Server-Side vs On-Device ML Inference: How to Choose

May 24, 20265 min read

inferencedeploymentmlopsmachine-learning

The moment your model works, you face a fork: does inference run on a server you control, or does it run on the user's device?

This isn't a choice between "good" and "bad." It's a choice between different constraints. This guide uses a real case — TrichAi, an image classifier that chose the server — to walk through the trade-offs and the reasoning.

The choice, in concrete terms

Server-side inference: User sends image → server runs model → server returns prediction. One model, one machine, one update path.

On-device inference: User's phone/browser runs the model directly. No server needed. Model lives in the app bundle or is downloaded once and cached.

Both work. They're just solving different problems.

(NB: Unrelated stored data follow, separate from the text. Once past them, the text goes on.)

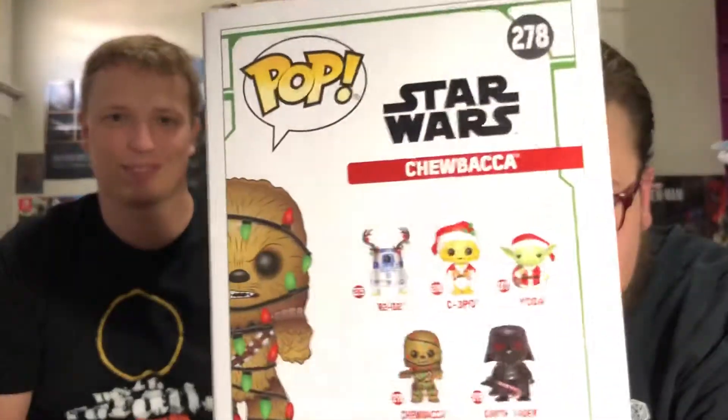Number three is Chewy, covered in Christmas lights. He looks like he's trapped in Christmas lights. Here's a look at the outside of the box — very cool, very well-detailed box. What's wrong, John? Am I not opening your Pops correctly? As long as they haven't popped their heads off. That's another thing about bobbleheads — I hate that their heads are all loose. It's gross.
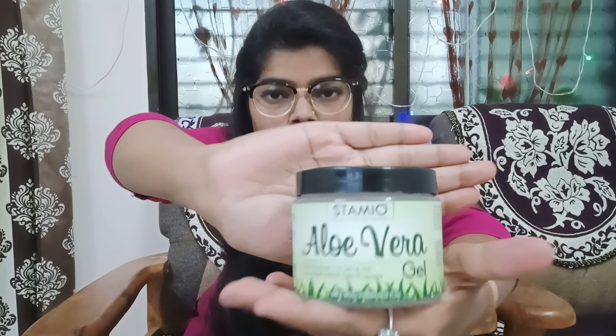I have tested it for two days. When I am satisfied, I make a video for you. The brand is called Stemio aloe vera gel.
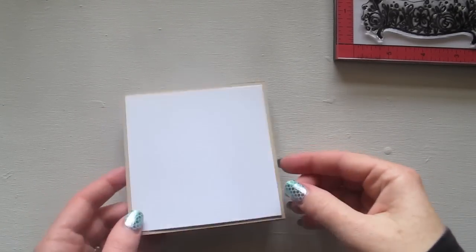Hi guys, it's Natalie here. Today I'm going to share with you some tips about making a simple note card that you can make in bulk, but then show you how to change it up so that you can make different kinds of versions of it if you wanted to get a little bit more fancy.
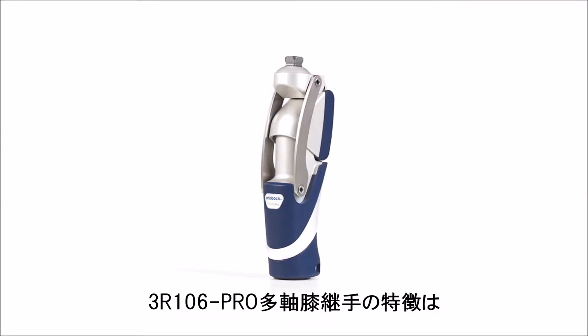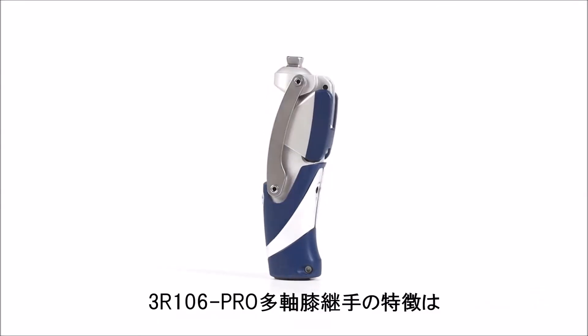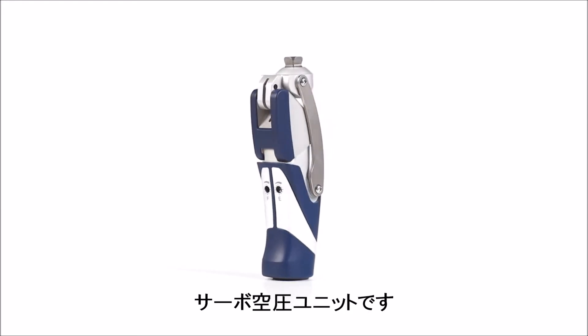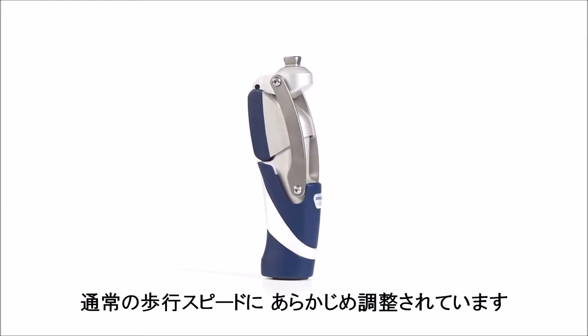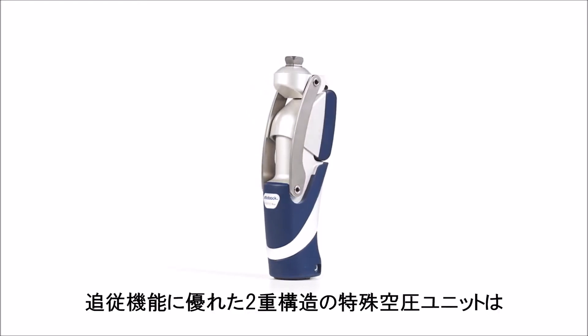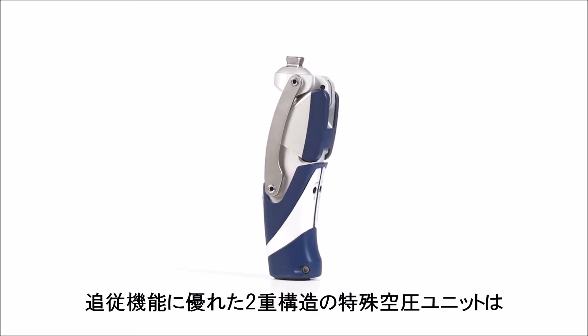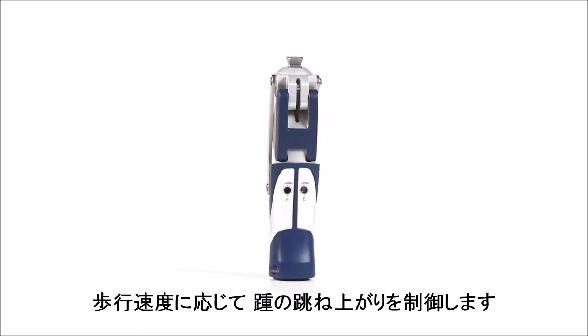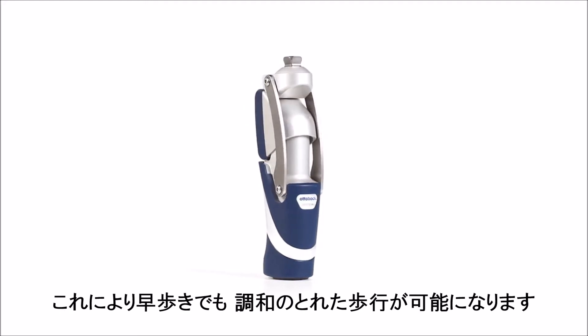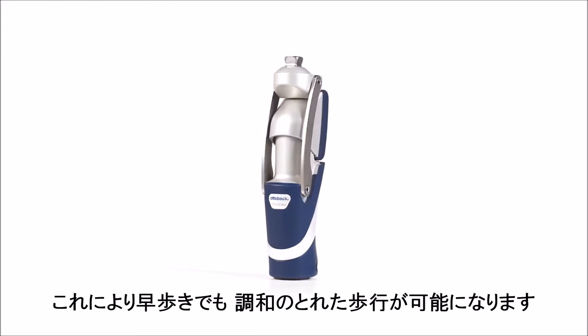The key element of the polycentric prosthetic knee joint 3R106 Pro is the servo pneumatic control unit. Pre-adjusted to normal walking speeds by the O&P professional, the powerful dual chamber pneumatic unit with progressive damping properties controls the heel rise depending on the walking speed. This leads to a harmonious gait pattern even at a more rapid pace.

Server-side: the TrichAi case

TrichAi classifies flower images (bud, hash, other, plant) and estimates THC content. Here's why the team chose the server.

What they had

The model was EfficientNetV2-S, exported to ONNX, running in float32 (no quantization). That's a ~80 MB artifact. The classification is secondary to the quality assessment — the real work is inference consistency, not latency. One request every few seconds, peak traffic easily handled by a single Railway dyno.

Why the server made sense

Model size. 80 MB unquantized is large for a phone app bundle (many iOS budgets are 100-150 MB total). Quantization would shrink it, but then the team would maintain two model variants — more complexity.
One update path. When you train a new version, you deploy it to one place: the server. Web and mobile apps get the new model instantly on the next request, with no app store updates, no version fragmentation. TrichAi needed fast iteration during early development.
Shared session in memory. A single onnxruntime.InferenceSession serves all users. Creating a session is expensive (it parses the graph, allocates buffers). On-device, users would either burn battery parsing on every boot or keep the session alive — both friction.
Operational simplicity. One model, one server, one inference runtime. No ONNX Runtime Mobile drama, no WebAssembly loader, no device-specific fallbacks. Just FastAPI on Railway.
Same API for both clients. The web app and React Native mobile app send identical requests to /analyze. No branching logic, no "what kind of device is this?" — it's one code path.

What it cost

Network round trip. Every inference adds 50-200ms of latency, depending on geography. For TrichAi, that's fine — a user takes a photo, waits a moment, sees the result. For real-time, low-latency use cases (e.g. augmented reality, instant feedback), it's a deal-breaker.
Server cost. CPU instances aren't free. That said, Railway's pricing is low-friction, and a single dyno handles hundreds of requests.
Privacy / data. Images are sent to a server. TrichAi is transparent about this (the privacy policy says images are uploaded for analysis), but it's a constraint. On-device inference solves this for free.
No offline. If the server is down or the network is unavailable, the app doesn't work. On-device inference works offline by definition.

On-device: when and why

You'd choose on-device inference if any of these are true:

1. Latency is the constraint. AR filters need < 100ms round-trip. Real-time speech recognition can't wait for a network call. Augmented reality needs response time measured in milliseconds. These use cases require on-device.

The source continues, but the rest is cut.